Note: The API is very similar to Penlight's. Most functions have new names, but the Penlight names also work.
Introduction
Accessing XML data through the data
object (or calling xml.parseXml
) will get you an XML node back (or specifically, an element).
A node can be two things: XML tags become elements (represented by tables) while all other data become text nodes (represented by strings).

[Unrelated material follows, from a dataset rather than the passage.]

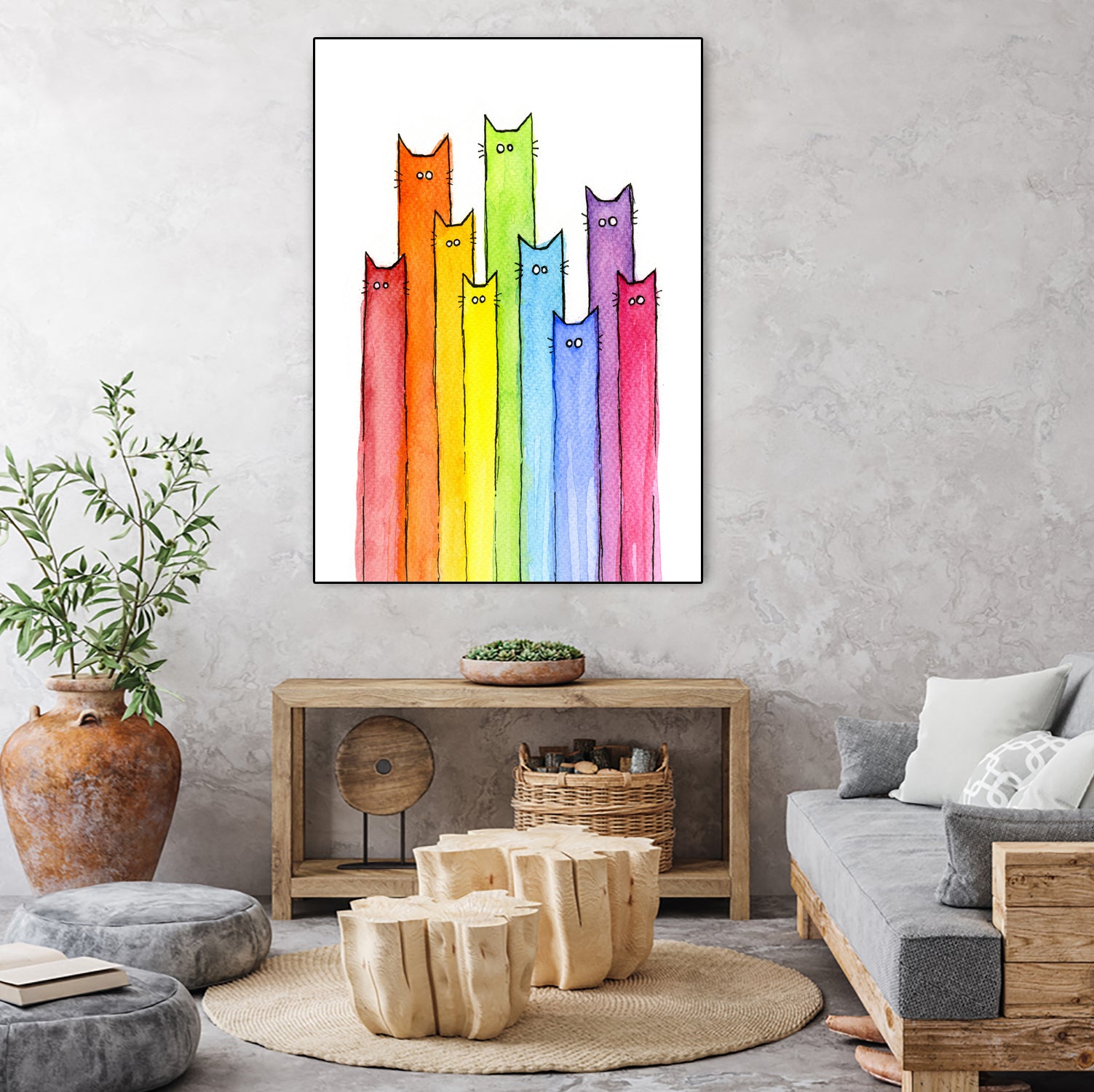 Rainbow of Cats by Olga Shvartsur on GIANT ART - pink mixed media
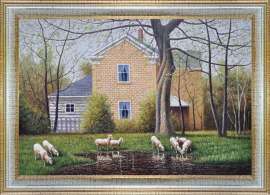 风景油画-草地上的羊群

Elements are sometimes also called documents in this documentation and other places, especially when referring to the root element in a node tree.
Elements
Elements always have a tag
field and an attr
field (for attributes).
They are also arrays containing child nodes.
element = {
tag = tagName,
attr = {
[name1]=value1, [name2]=value2, ...
},
[1]=childNode1, [2]=childNode2, ...
}
A similar format is used in other libraries too. LuaExpat calls it LOM.
Example
The following XML...
<animal type="dog" name="Puddles">
<hobbies>Biting & eating</hobbies>
<!-- Comments are ignored. -->
How did this <![CDATA[ get here? ]]>
</animal>
...results in this table:
document = {
tag = "animal",
attr = {
["name"] = "Puddles",
["type"] = "dog",
},
[1] = "\n\t",
[2] = {
tag = "hobbies",
attr = {},
[1] = "Biting & eating",
},
[3] = "\n\t\n\tHow did this get here? \n",
}
Notice how all whitespace is preserved, and that CDATA sections become text.
API
Functions
Note: All functions can be called as methods on elements (i.e. xml.toXml(element)
is the same as element:toXml()
).
- addChild
- clone
- compare
- contentsToHtml
- contentsToXml
- decodeEntities
- eachChild
- eachChildElement
- eachMatchingChildElement
- element
- encodeMoreEntities
- encodeRequiredEntities
- filter
- findAllElementsByName
- getAttributes
- getChildByName
- getFirstElement
- getHtmlText
- getText
- getTextOfDirectChildren
- isElement
- isText
- makeElementConstructors
- mapElements
- match
- newElement
- parseHtml
- parseXml
- removeWhitespaceNodes
- setAttribute
- substitute
- toHtml
- toPrettyXml
- toXml
- updateAttributes
- walk
addChild
xml.addChild( element, childNode )
Add a child node to an element.
Penlight alias:
Element:add_direct_child
clone
nodeClone = xml.clone( node [, textSubstitutionCallback ] )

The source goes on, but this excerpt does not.